_WORK ITEM_
Could you write out, exactly and with no pictures, every line from the one containing "1418 Yale St, Houston, TX 77008 - Photo 6" through the last line of the entries?

_AVAILABLE DATA_
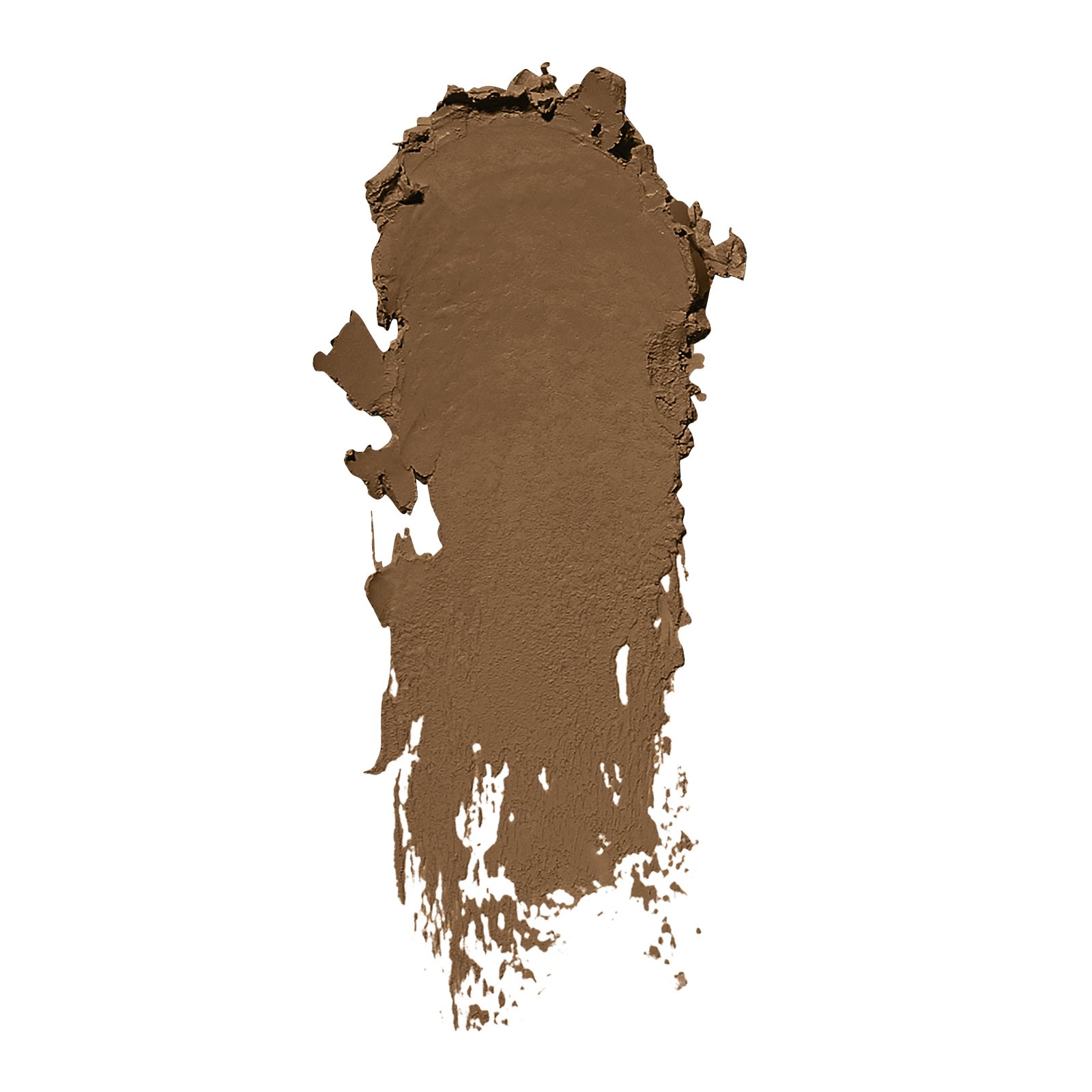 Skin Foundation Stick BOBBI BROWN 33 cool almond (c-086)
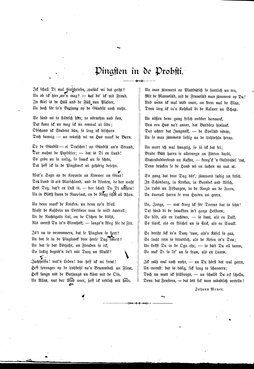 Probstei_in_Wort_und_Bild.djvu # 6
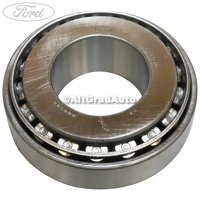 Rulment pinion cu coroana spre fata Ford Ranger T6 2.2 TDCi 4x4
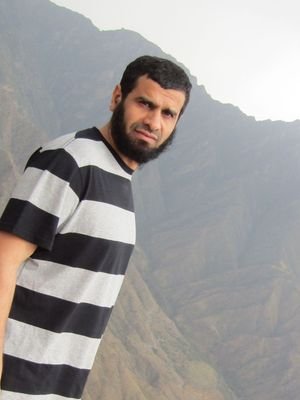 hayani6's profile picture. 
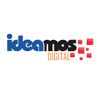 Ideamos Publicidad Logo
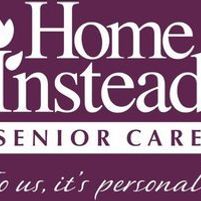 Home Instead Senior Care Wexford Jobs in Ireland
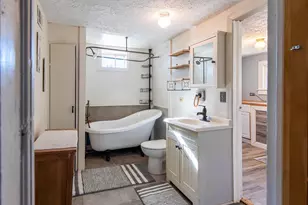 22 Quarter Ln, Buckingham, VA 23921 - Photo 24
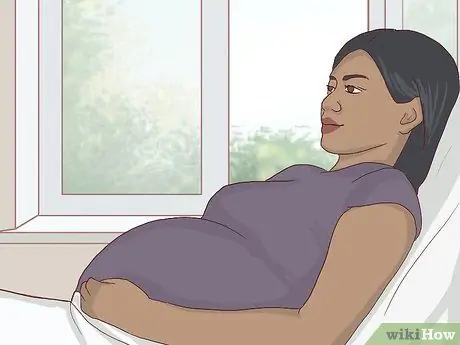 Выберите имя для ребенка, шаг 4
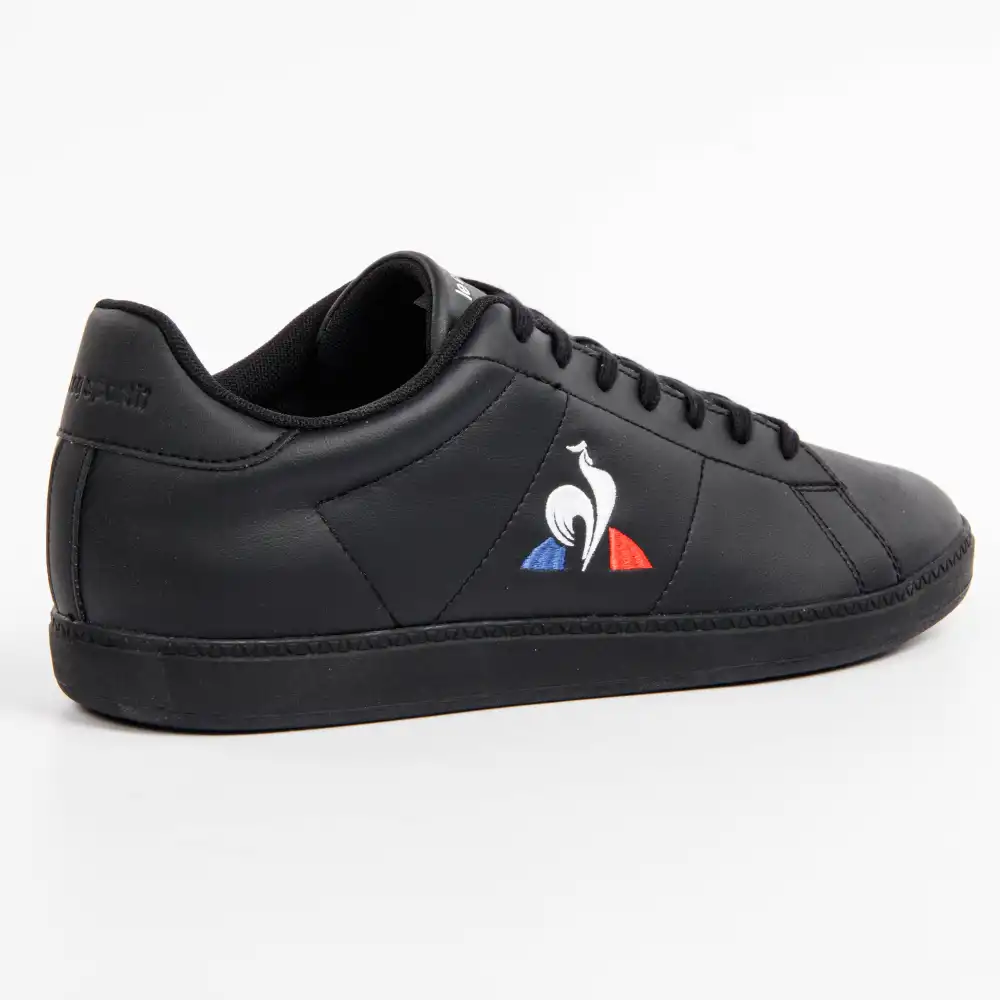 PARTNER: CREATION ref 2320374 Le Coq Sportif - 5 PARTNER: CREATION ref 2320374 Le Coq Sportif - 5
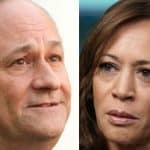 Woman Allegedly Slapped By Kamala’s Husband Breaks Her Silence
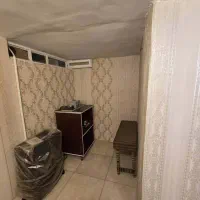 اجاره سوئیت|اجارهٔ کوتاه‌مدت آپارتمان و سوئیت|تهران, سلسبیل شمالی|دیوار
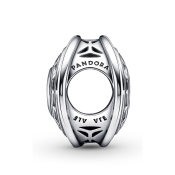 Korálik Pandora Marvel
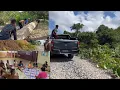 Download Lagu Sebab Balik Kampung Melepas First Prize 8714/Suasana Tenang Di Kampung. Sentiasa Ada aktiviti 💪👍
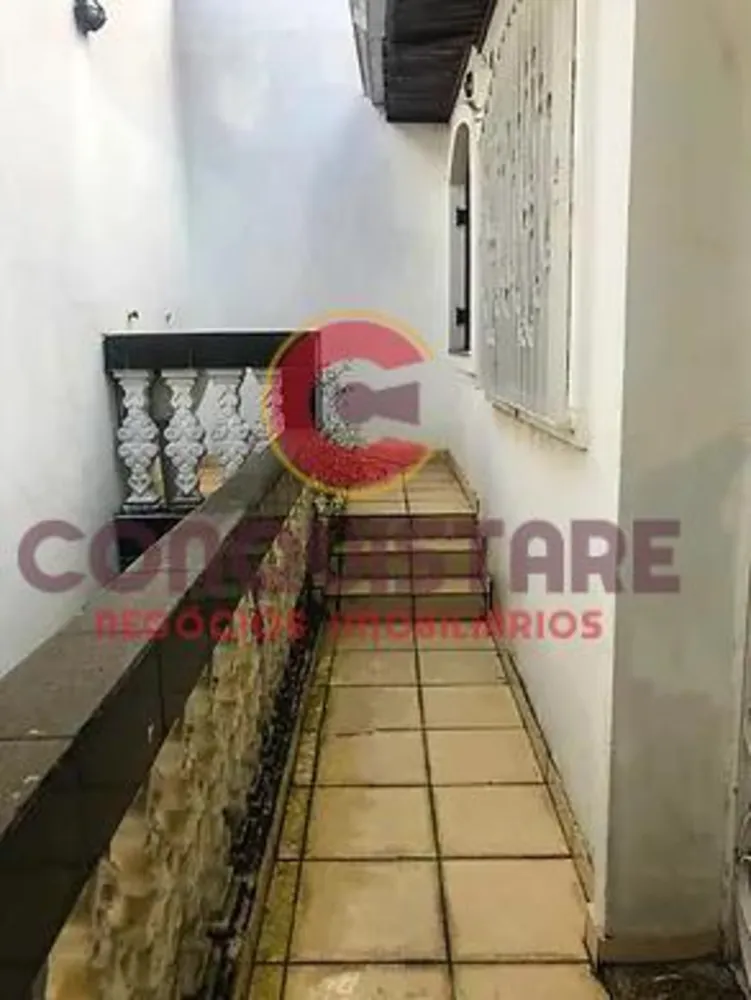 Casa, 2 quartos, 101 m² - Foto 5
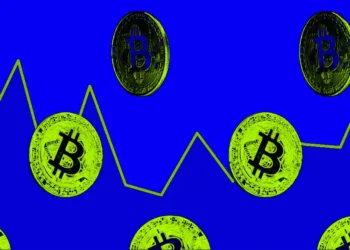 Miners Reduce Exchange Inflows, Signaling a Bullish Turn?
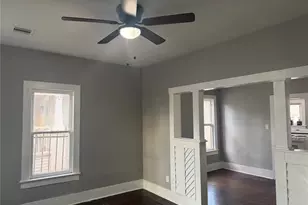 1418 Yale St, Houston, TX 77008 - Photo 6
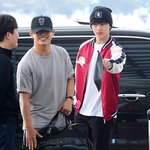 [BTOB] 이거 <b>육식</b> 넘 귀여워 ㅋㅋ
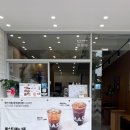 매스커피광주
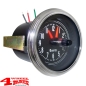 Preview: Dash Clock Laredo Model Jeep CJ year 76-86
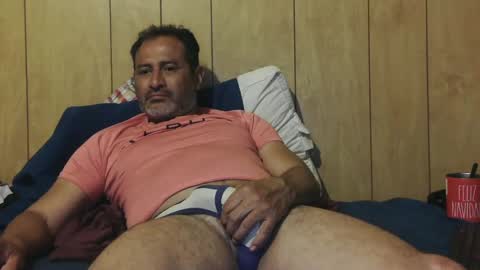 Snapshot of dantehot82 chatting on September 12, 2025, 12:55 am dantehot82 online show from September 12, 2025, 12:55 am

_ANSWER FOR THIS EXERCISE_
 1418 Yale St, Houston, TX 77008 - Photo 6
 [BTOB] 이거 <b>육식</b> 넘 귀여워 ㅋㅋ
 매스커피광주
 Preview: Dash Clock Laredo Model Jeep CJ year 76-86
 Snapshot of dantehot82 chatting on September 12, 2025, 12:55 am dantehot82 online show from September 12, 2025, 12:55 am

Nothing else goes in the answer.